UK driving licences were introduced by the Motor Car Act of 1903 but no test was required!
In the late 1920s and early 1930s the appalling number of deaths on the roads of Britain was causing considerable concern to the Government and the public.
In January 1934, The Times newspaper reported on the ‘slaughter on the roads’ and that in the previous year 7,125 had been killed and 216,401 injured on Britain’s roads. At the time the number of cars on the roads was estimated to be 1,800,000.
It was on Monday 26th March 1934 a driving test was introduced. It was voluntary at first and then, on 1st June, it became compulsory. The test was designed to ensure that each new driver had the competence to drive. While learning to drive, a provisional license could be applied for which lasted 3 months. The legislation also introduced the requirement to show a red letter ‘L’ on the vehicle.
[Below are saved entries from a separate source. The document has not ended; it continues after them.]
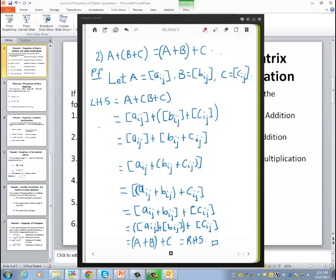Since A_ij, B_ij, and C_ij are real numbers, and there is associativity in real numbers under the operation of addition, this becomes (A_ij plus B_ij) plus C_ij.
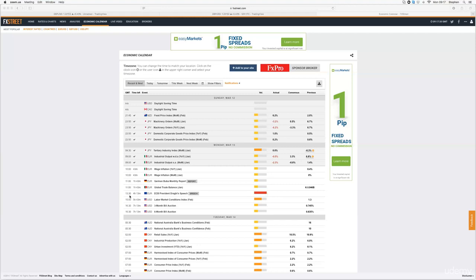So a good half an hour either side of this news, half one, we are not going to be in the market. So in this case, we're going to go about one o'clock. On the open of the one o'clock candle, we're going to say, we ain't trading.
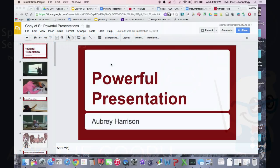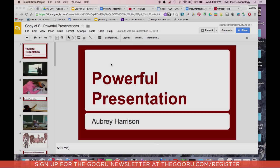Hello everyone. My name is Aubrey Harrison. I am an Instructional Technology Specialist in Charlotte Mecklenburg Schools. Today I want to show you some Google extensions that will help you manage your tabs in your Chrome browser. It becomes very easy to accumulate a bunch of tabs when you're working in your Drive as well as in other websites within Chrome.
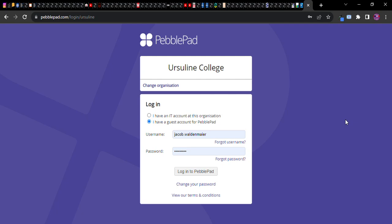So you want to create an ePortfolio on PebblePad. PebblePad is a very user-friendly platform on which you can build ePortfolios that will be shareable, useful, and accessible all the way until the rest of your life. Let's log into PebblePad and get started.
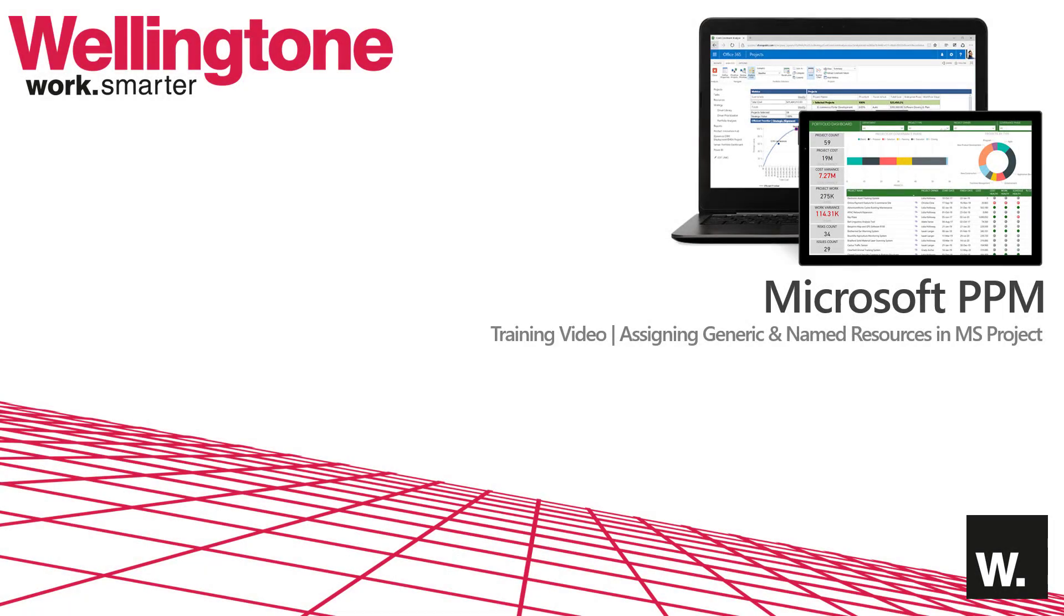Welcome to this series of bite-sized training videos from Wellington. In this video we'll be talking about assigning work resources in Microsoft Project, specifically focusing on generic versus named resources.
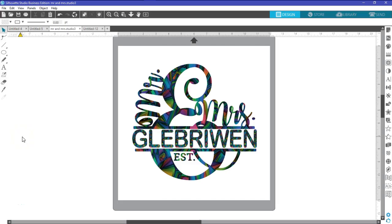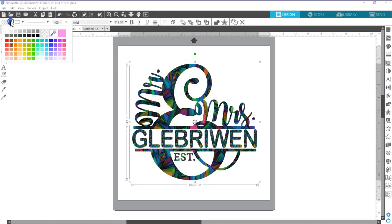Hi, and thanks for joining me again. This is Susan from Blue Vinyl Stickers, and today I'm going to be showing you how to get a very vivid background into your design. Just so you know, this is the Business Edition, version 4.0 of the software. Some of my icons and buttons may be in different spots than yours, but they're all there, just in different places.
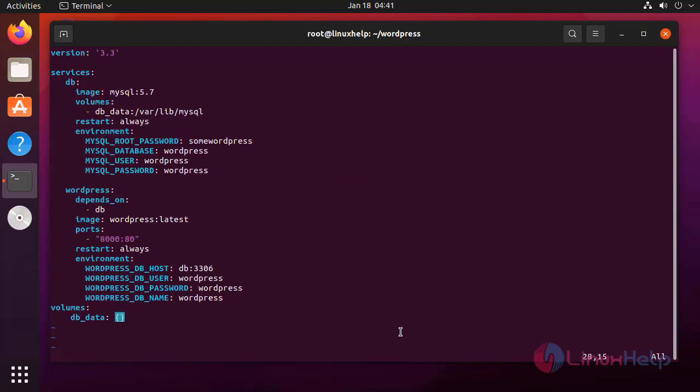This is the Docker Compose file. This will install the MySQL container and the WordPress container, and add the environment variables and credentials for the database. After completely editing this file, press Escape, colon, wq to save and exit from the file.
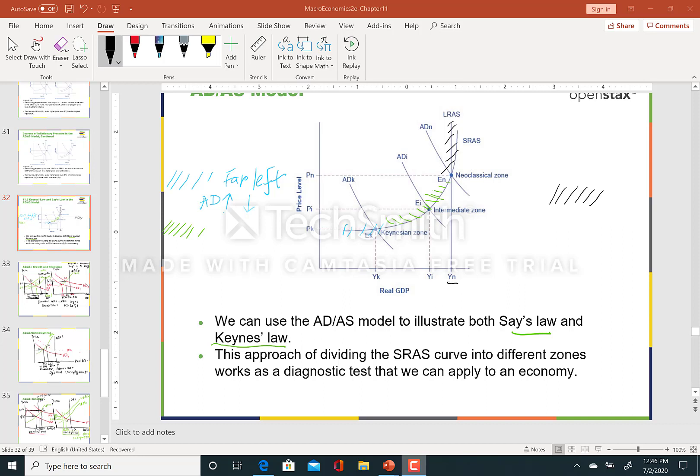Looking at the far left of the short run aggregate supply curve, in the Keynesian zone, the level of real GDP is below potential GDP — we are in a recession and the unemployment rate is high. If aggregate demand increases or decreases, this will change real GDP as well as unemployment. Aggregate demand is the determining factor in the output level and unemployment rate.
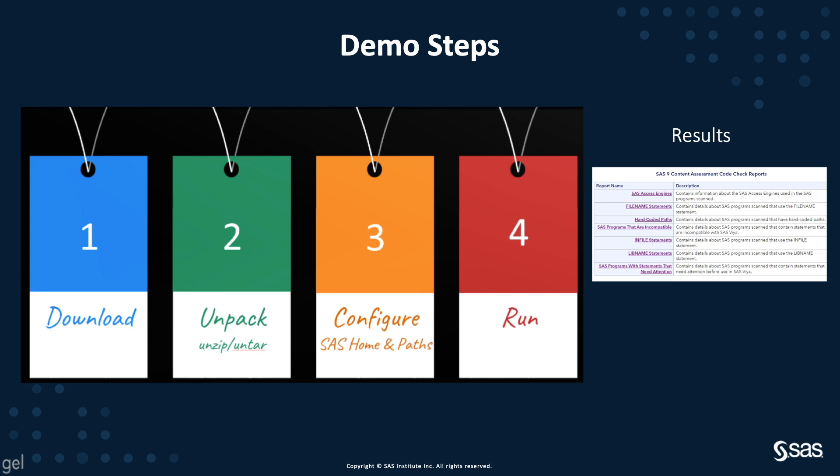In this demo, I will walk through the process of downloading, unpacking, configuring and running SAS 9 Content Assessment for PC users, and reviewing the generated results. We don't cover the Linux version of the tool in this particular video, but the process is very much the same for Linux users. Let's move on to the demo.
In 1929 and 1934 legislation was passed to introduce a 30 mph speed limit in built-up areas, endorsements for speeding or careless driving, licence disqualification, and as an experiment, the introduction of special crossing places for pedestrians in London. The new Minister of Transport was Leslie Hore-Belisha – and these new crossing places soon became known as Belisha Becons. Later became our well-known ‘zebra crossings’.
Happily for lovers of the absurd, the first to master the half-hour test of basic driving skills and knowledge of the Highway Code was a Mr Beene, who paid 7 shillings and 6 pence for the privilege. Almost a quarter of a million applied for the test, showing the fears of a rush were well founded.
One thing that did surprise me was that testing was suspended during the Second World War which meant that between 2nd September 1939 and 1st November 1946 no one took a driving test. That certainly confirms something about my Dad’s driving after the war! Testing was also suspended during the Suez Crisis in 1956 to allow examiners help to administer petrol rations.